Malgré ces efforts, les moyens juridiques mis à la disposition de l'administration fiscale restaient encore perfectibles .

II. LE DISPOSITIF PROPOSÉ

Le présent article propose d'améliorer l'arsenal juridique actuel de lutte contre la fraude à la TVA sur trois points :

- la remise en cause de l'exonération de la livraison intracommunautaire effectuée par un assujetti ;

- la remise en cause du droit à déduction ;

- la mise en oeuvre d'une procédure de solidarité en paiement.

Le premier paragraphe (I) complète l'article 262 ter du code général des impôts, relatif à l'exonération de TVA des livraisons de biens intra communautaires, afin de préciser que l'administration peut remettre en cause le bénéfice de l'exonération d'une livraison intracommunautaire lorsque le fournisseur « savait ou ne pouvait ignorer que le destinataire présumé de l'expédition ou du transport n'avait pas d'activité réelle ». Cette précision reprend la jurisprudence du Conseil d'Etat, établie notamment par l'arrêt société Fauba France du 27 juillet 2005 des 8 ème et 3 ème sous-sections réunies.

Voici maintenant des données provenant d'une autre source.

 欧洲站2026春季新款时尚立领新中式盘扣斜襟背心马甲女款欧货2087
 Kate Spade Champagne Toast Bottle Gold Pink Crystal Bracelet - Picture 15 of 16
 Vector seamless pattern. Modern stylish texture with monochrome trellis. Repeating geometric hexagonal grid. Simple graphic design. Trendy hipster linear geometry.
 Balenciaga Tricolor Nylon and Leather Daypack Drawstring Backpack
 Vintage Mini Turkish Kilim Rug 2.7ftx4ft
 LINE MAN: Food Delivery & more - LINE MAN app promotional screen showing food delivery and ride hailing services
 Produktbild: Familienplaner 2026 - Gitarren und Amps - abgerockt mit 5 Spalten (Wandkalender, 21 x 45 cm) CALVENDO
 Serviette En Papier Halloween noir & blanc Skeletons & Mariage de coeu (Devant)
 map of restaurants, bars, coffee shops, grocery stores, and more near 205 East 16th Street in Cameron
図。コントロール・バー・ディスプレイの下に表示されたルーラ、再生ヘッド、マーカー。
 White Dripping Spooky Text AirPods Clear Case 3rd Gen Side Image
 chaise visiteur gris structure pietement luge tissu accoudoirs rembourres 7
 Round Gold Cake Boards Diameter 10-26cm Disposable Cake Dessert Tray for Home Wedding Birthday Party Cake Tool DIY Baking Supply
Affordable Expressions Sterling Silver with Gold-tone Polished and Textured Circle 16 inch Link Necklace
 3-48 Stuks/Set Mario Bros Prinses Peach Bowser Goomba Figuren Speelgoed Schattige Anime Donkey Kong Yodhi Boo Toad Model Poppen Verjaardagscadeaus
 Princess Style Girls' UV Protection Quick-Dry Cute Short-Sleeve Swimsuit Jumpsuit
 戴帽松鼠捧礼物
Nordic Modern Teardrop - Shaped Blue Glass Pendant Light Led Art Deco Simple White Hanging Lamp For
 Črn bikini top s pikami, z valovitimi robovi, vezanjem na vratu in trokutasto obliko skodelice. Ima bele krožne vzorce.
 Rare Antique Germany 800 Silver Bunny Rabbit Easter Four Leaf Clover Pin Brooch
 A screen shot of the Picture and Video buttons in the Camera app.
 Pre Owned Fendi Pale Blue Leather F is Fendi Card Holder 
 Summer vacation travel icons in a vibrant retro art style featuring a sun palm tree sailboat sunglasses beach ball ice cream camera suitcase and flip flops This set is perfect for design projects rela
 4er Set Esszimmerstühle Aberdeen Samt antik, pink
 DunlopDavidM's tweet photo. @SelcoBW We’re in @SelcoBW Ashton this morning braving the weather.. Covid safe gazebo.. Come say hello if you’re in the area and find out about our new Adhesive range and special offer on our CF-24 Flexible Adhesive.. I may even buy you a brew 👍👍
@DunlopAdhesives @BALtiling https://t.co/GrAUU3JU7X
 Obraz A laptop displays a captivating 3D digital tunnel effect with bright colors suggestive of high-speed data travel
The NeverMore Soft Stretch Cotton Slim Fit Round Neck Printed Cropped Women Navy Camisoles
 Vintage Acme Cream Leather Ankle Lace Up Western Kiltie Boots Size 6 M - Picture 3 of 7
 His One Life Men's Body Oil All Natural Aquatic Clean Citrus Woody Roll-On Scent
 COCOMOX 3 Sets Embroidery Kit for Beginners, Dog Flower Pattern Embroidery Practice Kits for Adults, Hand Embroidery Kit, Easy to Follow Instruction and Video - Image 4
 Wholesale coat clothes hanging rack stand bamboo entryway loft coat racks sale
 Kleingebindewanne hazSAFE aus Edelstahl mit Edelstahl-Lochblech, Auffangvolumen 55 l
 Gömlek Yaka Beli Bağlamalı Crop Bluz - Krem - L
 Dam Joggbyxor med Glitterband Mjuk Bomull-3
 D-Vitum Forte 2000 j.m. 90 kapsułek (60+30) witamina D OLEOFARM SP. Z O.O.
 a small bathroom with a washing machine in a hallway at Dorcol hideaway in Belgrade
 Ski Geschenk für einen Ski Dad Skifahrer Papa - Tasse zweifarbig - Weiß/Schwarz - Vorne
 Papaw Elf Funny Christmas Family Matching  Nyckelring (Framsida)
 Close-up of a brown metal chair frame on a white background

Le deuxième paragraphe (II) complète l'article 272 du code général des impôts , relatif aux remboursements de TVA perçue sur des ventes ou services résiliés ou annulés, afin d'autoriser la remise en cause du droit à déduction exercé par l'acquéreur d'un bien auprès d'un fournisseur défaillant lorsque cet acquéreur savait ou ne pouvait ignorer qu'il participait à une fraude consistant à ne pas reverser au Trésor public la taxe qui lui a été facturée.

Le troisième paragraphe (III) complète l'article 283 du code général des impôts, relatif à la définition des redevables de la TVA, pour préciser que l'assujetti qui participe, en connaissance de cause, à une chaîne frauduleuse, est solidairement tenu, avec la personne redevable, d'acquitter la taxe .

Le quatrième paragraphe (IV) précise que les dispositions du présent article sont applicables à compter du 1 er janvier 2007.

L'Assemblée nationale a adopté cet article sans modification.

III. LA POSITION DE VOTRE COMMISSION DES FINANCES

Votre rapporteur général est très favorable à ce nouveau dispositif qui permettra à l'administration fiscale de lutter plus efficacement contre la fraude à la TVA, lorsqu'il s'agit d'une chaîne frauduleuse intra communautaire et que l'administration entend s'attaquer aux relations entre un opérateur national et un opérateur communautaire .

Il n'en reste pas moins que l'administration ne dispose pas de moyens d'investigation dans le champ communautaire aussi efficaces que dans l'espace national où elle peut s'appuyer sur les pouvoirs de visite et de saisie qu'elle tient de l'article L. 16 B du livre des procédures fiscales et sur la collaboration de la police judiciaire.

A cet égard, comme le soulignait récemment la doctrine, il lui est bien difficile de renverser la présomption de livraison intracommunautaire exonérée en s'attaquant aux relations entre un opérateur national et un opérateur communautaire et seule l'institution d'une police fiscale communautaire en matière de TVA paraît être de nature à répondre à une fraude de grande ampleur.

Décision de la commission : sous le bénéfice de ces observations, votre commission vous propose d'adopter cet article sans modification.